[WHAT THIS TASK INVOLVES] I would like the lines below, from the one with "hot mocha coffee on the table" through the one with "Feldstein John Deere", copied exactly and without any pictures.

[GIVEN INFORMATION]
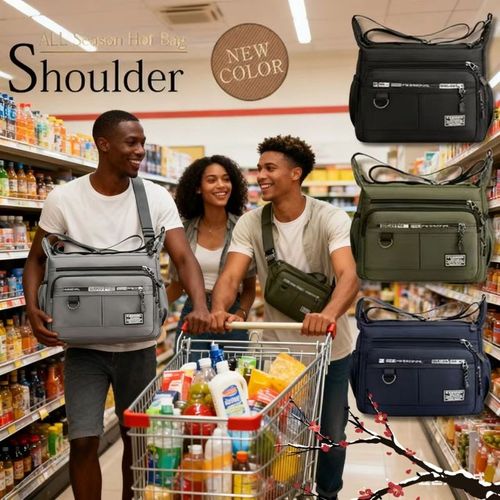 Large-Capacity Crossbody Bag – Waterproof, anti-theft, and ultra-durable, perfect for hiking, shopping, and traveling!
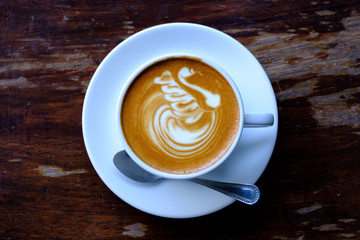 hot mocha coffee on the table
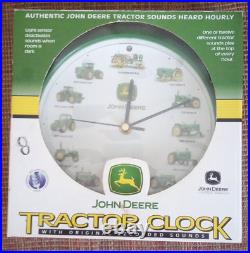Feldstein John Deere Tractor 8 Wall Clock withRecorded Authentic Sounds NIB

---

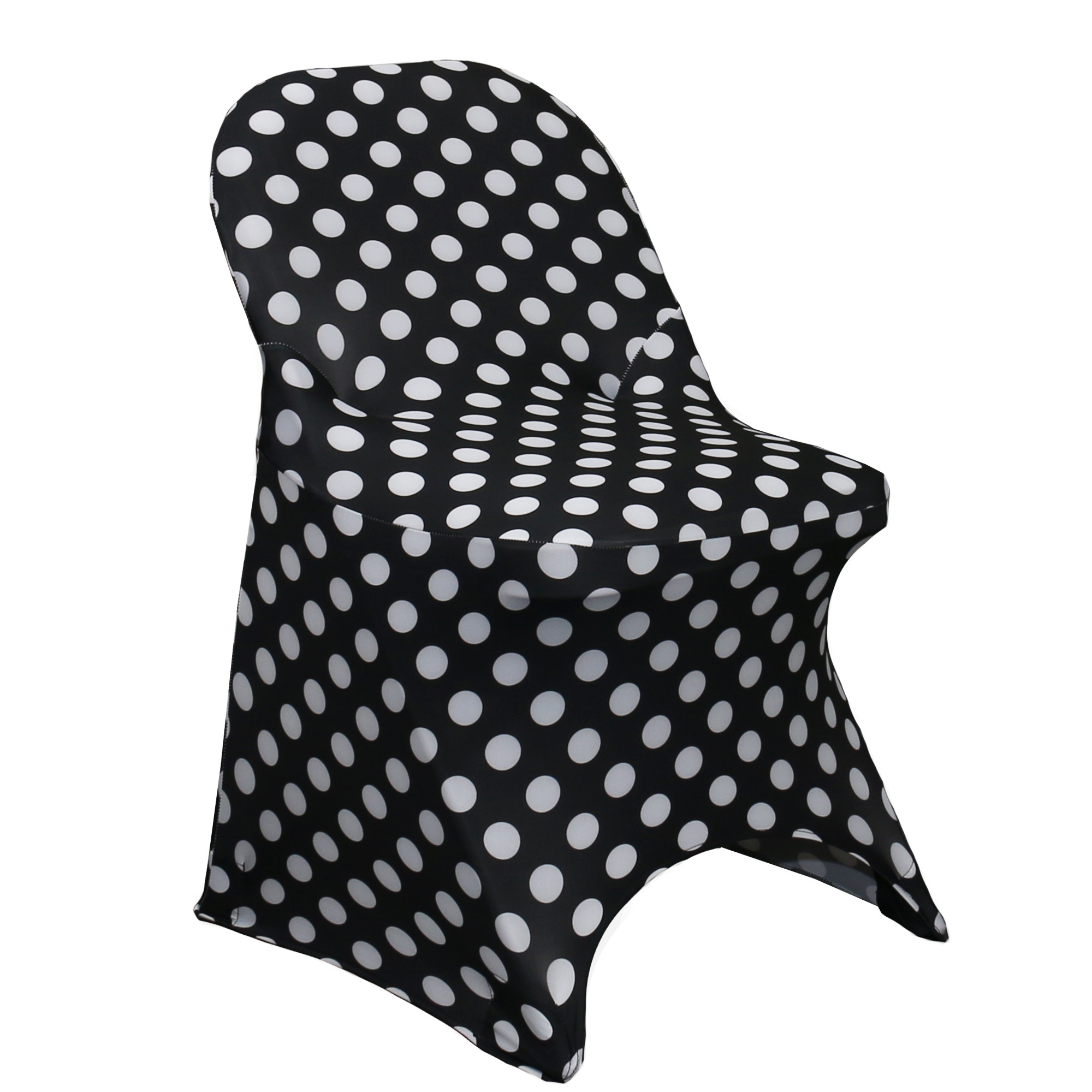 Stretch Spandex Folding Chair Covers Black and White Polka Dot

[ANSWER AREA]
 hot mocha coffee on the table
Feldstein John Deere Tractor 8 Wall Clock withRecorded Authentic Sounds NIB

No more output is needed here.